Un approccio nuovo, in questo contesto, merita l'etica animalista. Anche
gli animali, insieme con tutti i viventi, sono creature come noi. In
particolare la nostra attenzione è attratta da quegli animali che ci
assomigliano di più, cioè quelli che sanno soffrire e gioire,
soprattutto i mammiferi (cani, equini, bovini). Dobbiamo chiederci se, ad
esempio, negli allevamenti è assicurato il benessere animale, se in certi
casi lo sfruttamento non sia eccessivo (nel lavoro, nella produzione di
latte e di carne), se gli animali non vengano usati per scopi puramente
utilitaristici senza sufficiente rispetto (nei circhi, nelle
sperimentazioni, nella compagnia).
La concreaturalità vale, ovviamente, con speciale intensità per le
persone. Apparteniamo tutti alla medesima famiglia umana. Questo è
accettato (quasi) da tutti in linea di principio, ma in pratica viviamo in
un mondo scandalosamente e colpevolmente fratturato. Esso avrebbe risorse
(cibo, acqua, salute, istruzione) sufficienti per tutti, ma non le
distribuisce equamente, con gravi conseguenze anche sul versante
dell'etica ecologica. Vi è uno stretto legame tra giustizia ed ecologia.
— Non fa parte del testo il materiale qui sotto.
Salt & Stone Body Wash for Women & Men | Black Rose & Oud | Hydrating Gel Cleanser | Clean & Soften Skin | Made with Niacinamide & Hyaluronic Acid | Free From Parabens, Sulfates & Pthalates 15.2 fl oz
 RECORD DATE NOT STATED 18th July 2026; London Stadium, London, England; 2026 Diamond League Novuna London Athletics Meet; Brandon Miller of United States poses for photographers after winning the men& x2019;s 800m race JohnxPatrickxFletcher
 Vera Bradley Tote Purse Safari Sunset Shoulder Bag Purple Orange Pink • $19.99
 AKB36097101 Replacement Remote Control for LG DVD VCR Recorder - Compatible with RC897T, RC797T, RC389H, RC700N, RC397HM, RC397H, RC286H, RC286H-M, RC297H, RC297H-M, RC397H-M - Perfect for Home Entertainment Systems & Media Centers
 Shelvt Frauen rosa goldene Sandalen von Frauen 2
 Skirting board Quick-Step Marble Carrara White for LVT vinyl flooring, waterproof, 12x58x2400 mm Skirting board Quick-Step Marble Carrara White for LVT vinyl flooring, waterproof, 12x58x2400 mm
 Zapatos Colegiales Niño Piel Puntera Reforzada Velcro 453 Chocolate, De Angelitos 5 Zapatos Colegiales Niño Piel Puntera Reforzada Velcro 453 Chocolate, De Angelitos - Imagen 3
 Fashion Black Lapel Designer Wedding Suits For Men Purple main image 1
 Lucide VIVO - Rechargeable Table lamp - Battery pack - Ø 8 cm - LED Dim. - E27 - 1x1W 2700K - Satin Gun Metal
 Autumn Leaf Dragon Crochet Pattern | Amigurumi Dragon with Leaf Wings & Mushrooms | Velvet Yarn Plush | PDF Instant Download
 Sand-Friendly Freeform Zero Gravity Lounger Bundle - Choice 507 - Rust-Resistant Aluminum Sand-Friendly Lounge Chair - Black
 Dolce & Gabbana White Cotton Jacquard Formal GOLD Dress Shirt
La povertà strutturale e degradante (non quella evangelica!) di molti
Paesi del Sud del mondo provoca disastri ecologici: inquinamento (ad
esempio, nel delta del fiume Niger), disboscamento delle foreste,
discariche tossiche senza controlli, uso indiscriminato di pesticidi e
insetticidi. Lottare per la giustizia favorisce anche gli equilibri
ambientali.
AGIRE DA CONCREATORI
È vero che non siamo creatori, ma
creature: tuttavia Dio ha voluto associarci nella sua opera di creazione.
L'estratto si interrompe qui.